# Task details
Give back every record below in full and exactly, but without a single image.

(Captioned web image data)
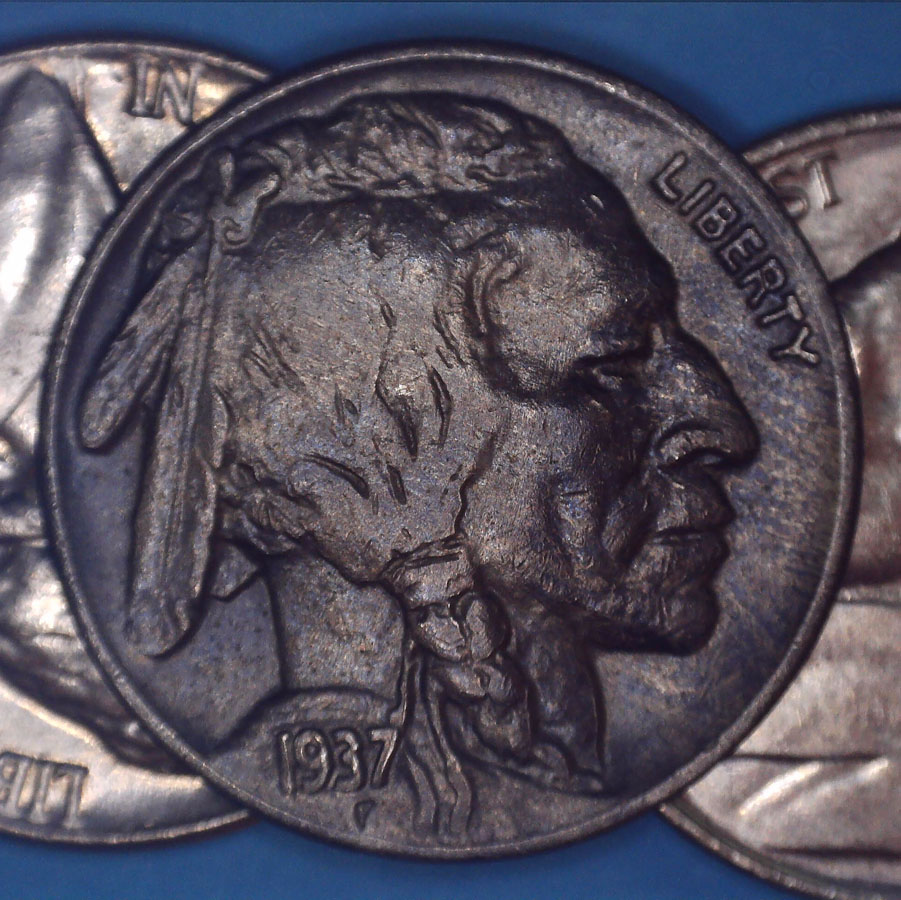 Buffalo-Nickel-Black-Beauty-1937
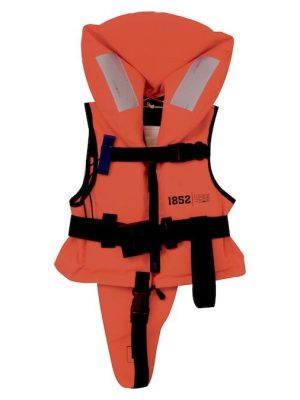 Björgunarvesti fyrir börn 100N, 3-10 kg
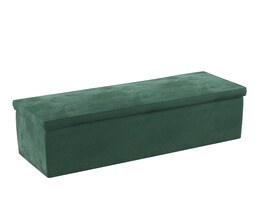 Upholstered Storage Box
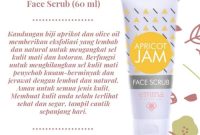 Cek Ingredients Emina Apricot Jam Face Scrub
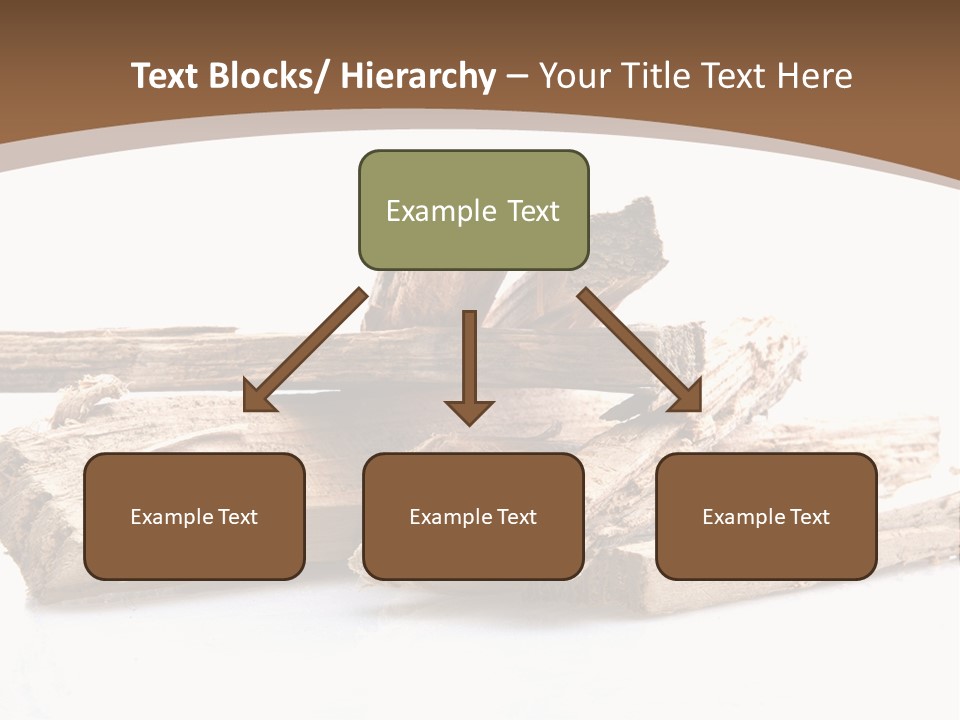 Kindling Damp Cost PowerPoint Template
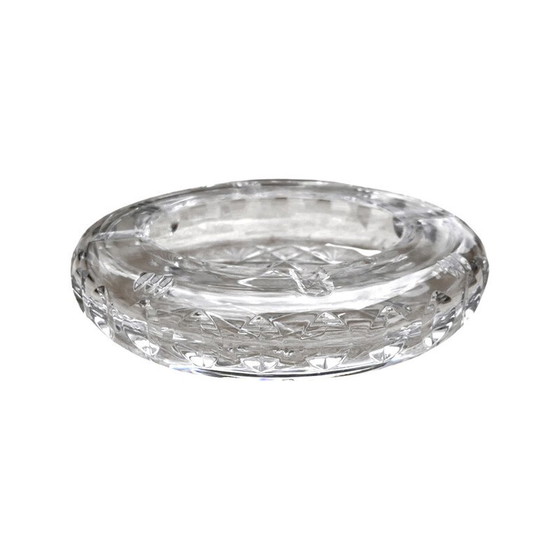 Image 1 of Vintage crystal ashtray by Huta Szkła Julia, Poland 1980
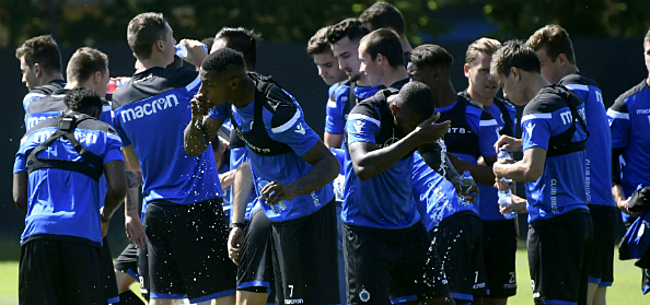 'Aanvaller Club Brugge onderhandelt met ex-ploeg'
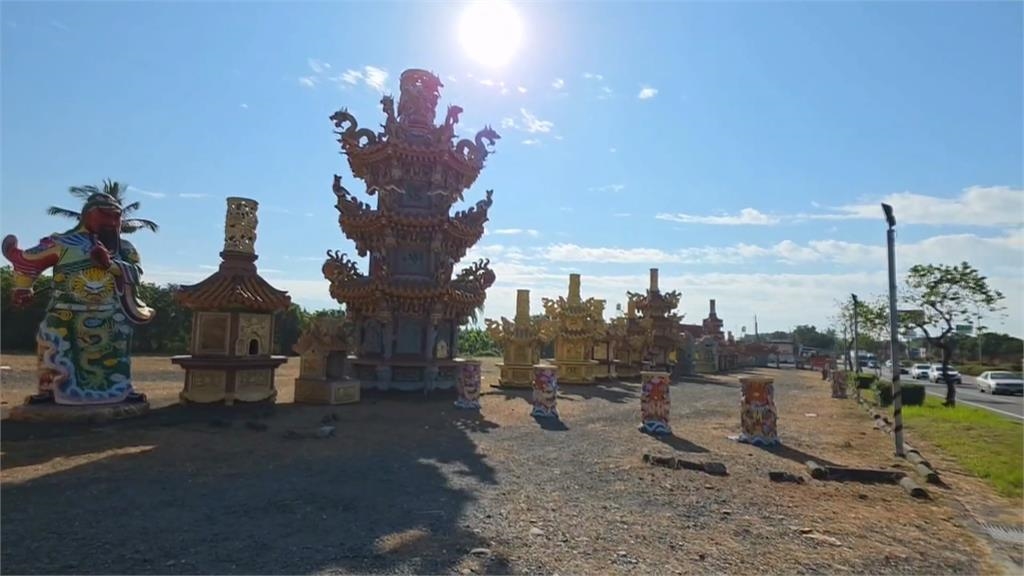 神明的移動城堡! 民眾直擊"宮廟路上跑":好神奇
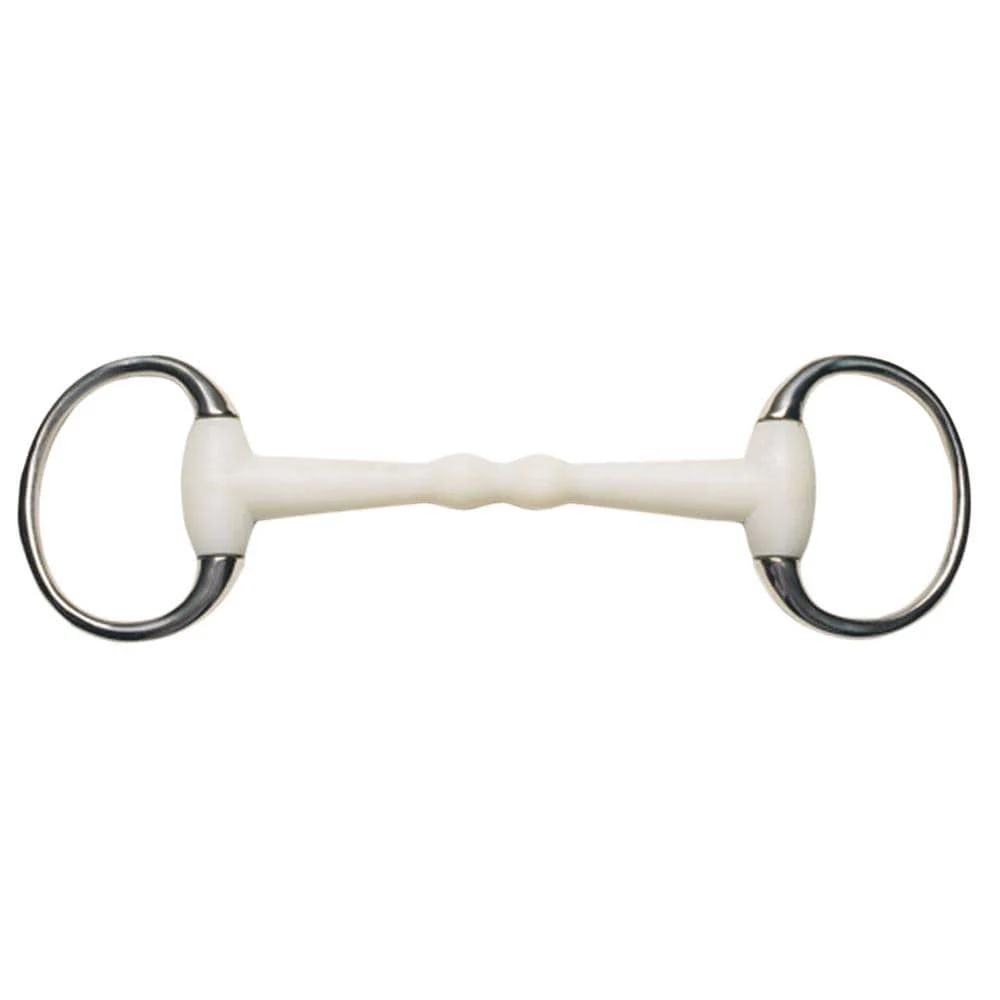 Korsteel Flexi Mullen Mouth Eggbutt Snaffle Bit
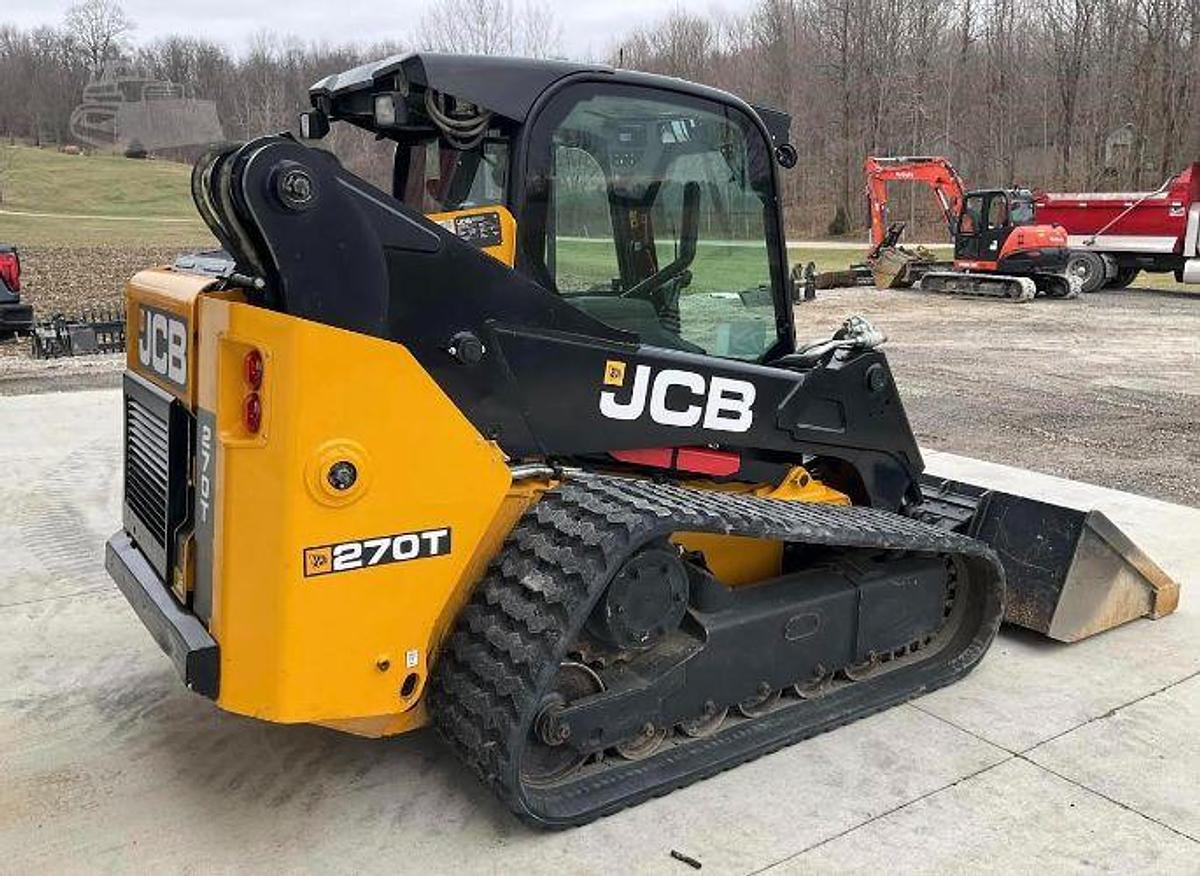 Used 2022 JCB 270T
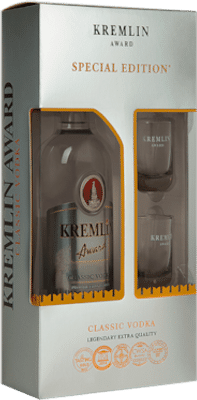 Kremlin Award Classic Vodka 700mL
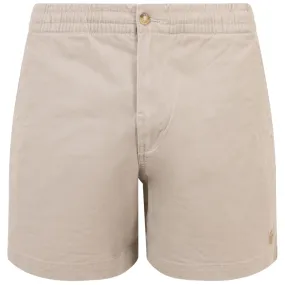 Polo Golf Classic Fit Cotton Knit Prepster Shorts Khaki Tan - SU24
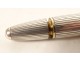 Montblanc Meisterstuck 146 fountain pen 18K gold nib 925 silver box 20th century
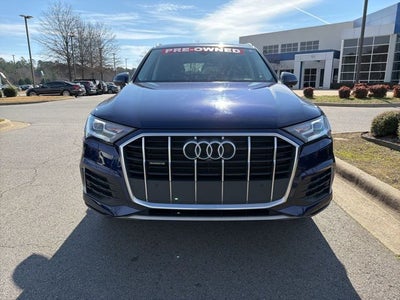 2022 Audi Q7 45 Premium quattro
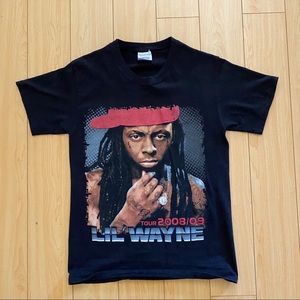 Vintage Lil Wayne Drake 2008/09 Tour Tee Sz XS/S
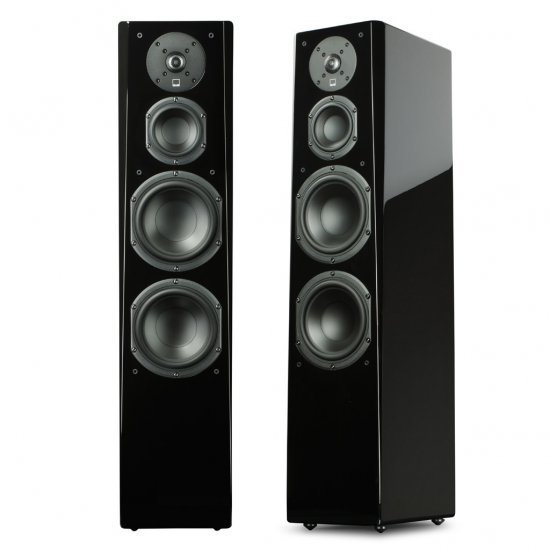 SVS \'Prime Tower\' Floor Standing Tower Loudspeakers (PAIR) GLOSS BLACK SVS \'Prime Tower\' Floor Standing Tower Loudspeakers (PAIR) GLOSS BLACK
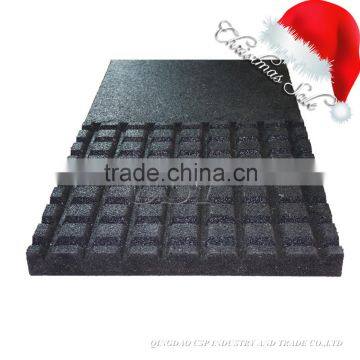 Cheap Futsal Rubber Flooring for Room, Soft Rubber Flooring for Gym,high Quality Shock Absorption Rubber Flooring photo-5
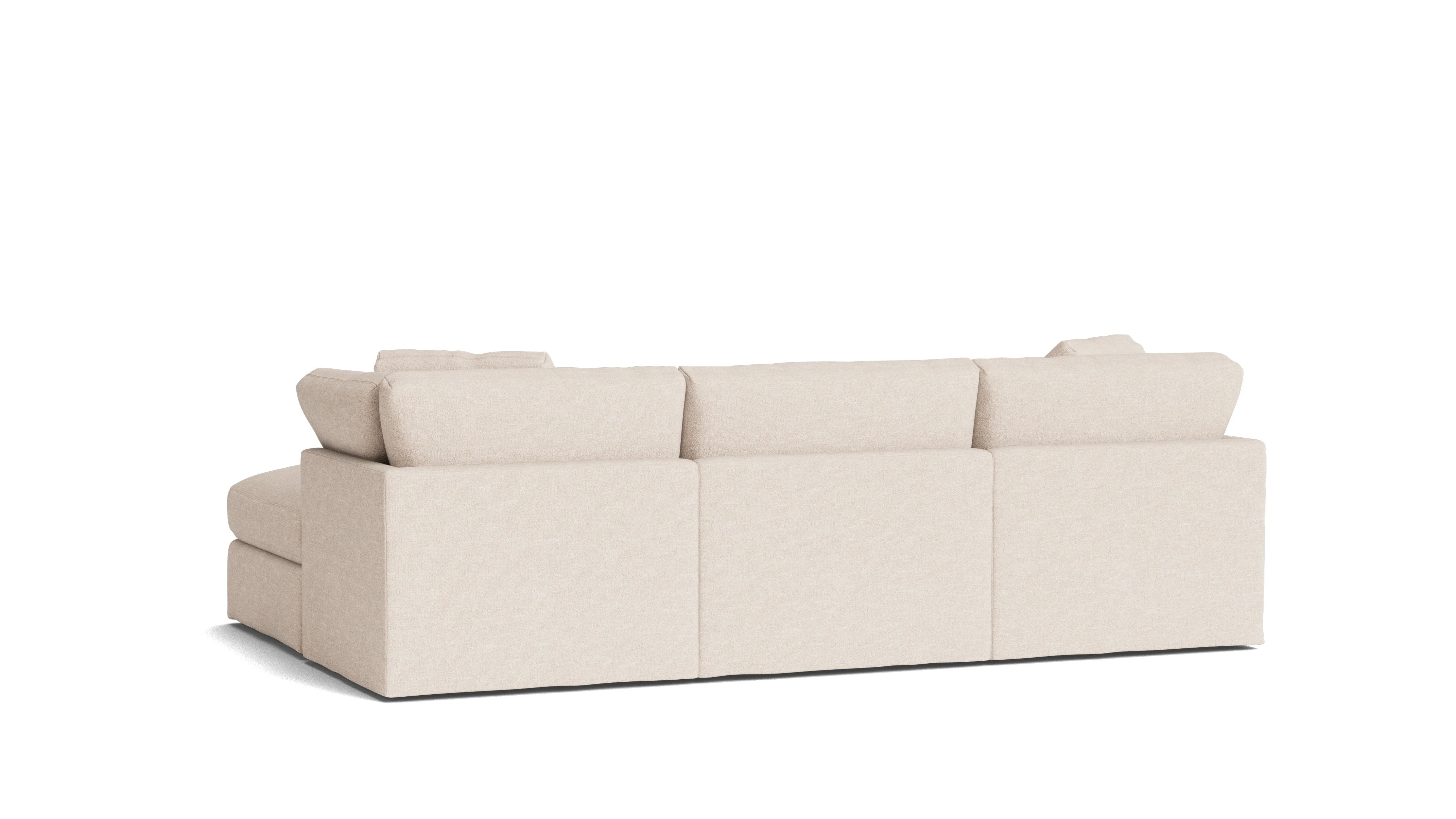 Get Together™ 4-Piece Modular Sectional, Standard, Sunbeam - Image 5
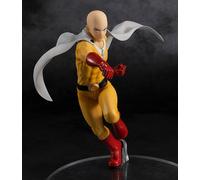 One Punch Man Statuette Pvc Pop Up Parade Saitama Hero Costume Ver. 18 Cm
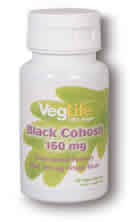 GP Black Cohosh 30ct 160mg from Veglife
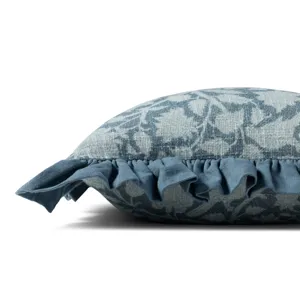 Loloi X Chris Loves Julia 18\" X 18\", Cover Only Pillow
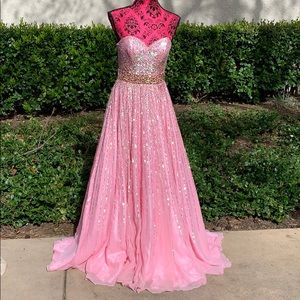 Sherri Hill Sparkly Prom Dress Size 2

# Answer box
 Buffalo-Nickel-Black-Beauty-1937
 Björgunarvesti fyrir börn 100N, 3-10 kg
 Upholstered Storage Box
 Cek Ingredients Emina Apricot Jam Face Scrub
 Kindling Damp Cost PowerPoint Template
 Image 1 of Vintage crystal ashtray by Huta Szkła Julia, Poland 1980
 'Aanvaller Club Brugge onderhandelt met ex-ploeg'
 神明的移動城堡! 民眾直擊"宮廟路上跑":好神奇
 Korsteel Flexi Mullen Mouth Eggbutt Snaffle Bit
 Used 2022 JCB 270T
 Kremlin Award Classic Vodka 700mL
 Polo Golf Classic Fit Cotton Knit Prepster Shorts Khaki Tan - SU24
 Montblanc Meisterstuck 146 fountain pen 18K gold nib 925 silver box 20th century
 2022 Audi Q7 45 Premium quattro
 Vintage Lil Wayne Drake 2008/09 Tour Tee Sz XS/S
 SVS \'Prime Tower\' Floor Standing Tower Loudspeakers (PAIR) GLOSS BLACK SVS \'Prime Tower\' Floor Standing Tower Loudspeakers (PAIR) GLOSS BLACK
 Cheap Futsal Rubber Flooring for Room, Soft Rubber Flooring for Gym,high Quality Shock Absorption Rubber Flooring photo-5
 Get Together™ 4-Piece Modular Sectional, Standard, Sunbeam - Image 5
 One Punch Man Statuette Pvc Pop Up Parade Saitama Hero Costume Ver. 18 Cm
 GP Black Cohosh 30ct 160mg from Veglife
 Loloi X Chris Loves Julia 18\" X 18\", Cover Only Pillow
 Sherri Hill Sparkly Prom Dress Size 2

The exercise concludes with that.